I was in a dim room at a small, dark, wood table with my friend R and his friend KZ. We were playing cards. I made some joke to KZ. He didn't really get it. I walked away and sat on the floor with R, who was just suddenly there. He said something about how he liked my jokes.

The room faded into a pastoral setting a hillside with trimmed grass and a few thick trees. I don't know what two people I was now sitting with. But I got up and walked quickly away when a bee came toward me. It was kind of rough and golden brown yellow. I tried not to act too worried, like I was just going for a short walk.

I walked along the edge of a square that was thickly packed with trees. I walked along a wide strip of short, trampled grass and stones. i went up a slight incline before turning right and walking on a flat surface.

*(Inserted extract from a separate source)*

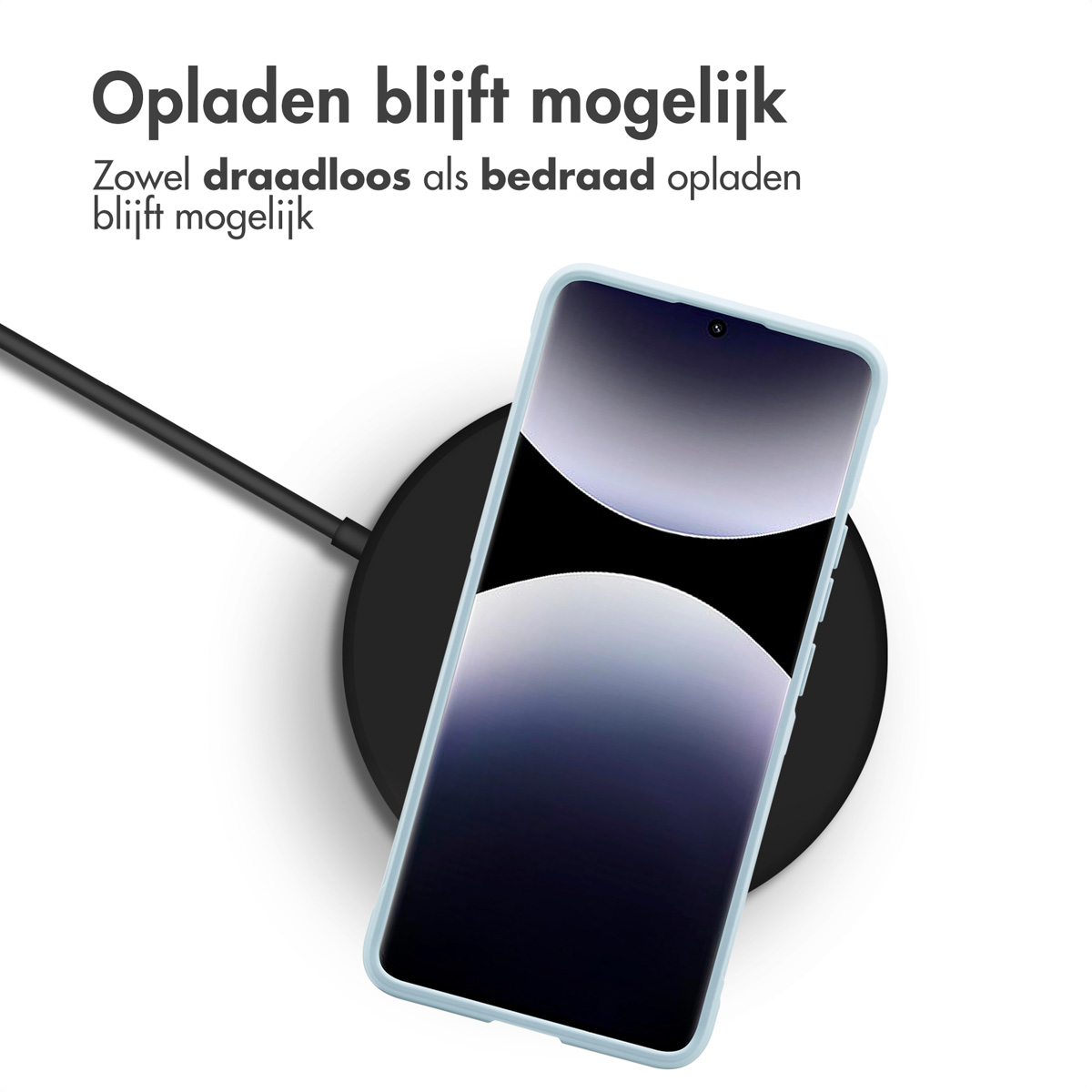 Een telefoon draadloos opladen. De telefoon heeft een lichtblauwe hoes.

As I walked I heard a strange conversation, which seemed to have been given by two early twentieth-century psychologists. They spoke of a young woman who had acne. One psychologist had determined this acne was psychosomatic, but not in the usual way. The woman chose to eat foods, to force herself into situations where she had to eat foods, which caused acne. The two main foods were green olives and white, dry, crumbly cheese like feta. I'm not sure whether this food physically caused acne or whether this food caused a separate psychosomatic reaction.

I now came to another right turn in this square walk. A much wider, road-like path with a large, green traffic sign went off to my left as I faced the third side of this square. I think I rejected that path because I didn't want people to think I had gotten lost. I got back to the beginning of the square, which was in the center of the fourth side, i.e.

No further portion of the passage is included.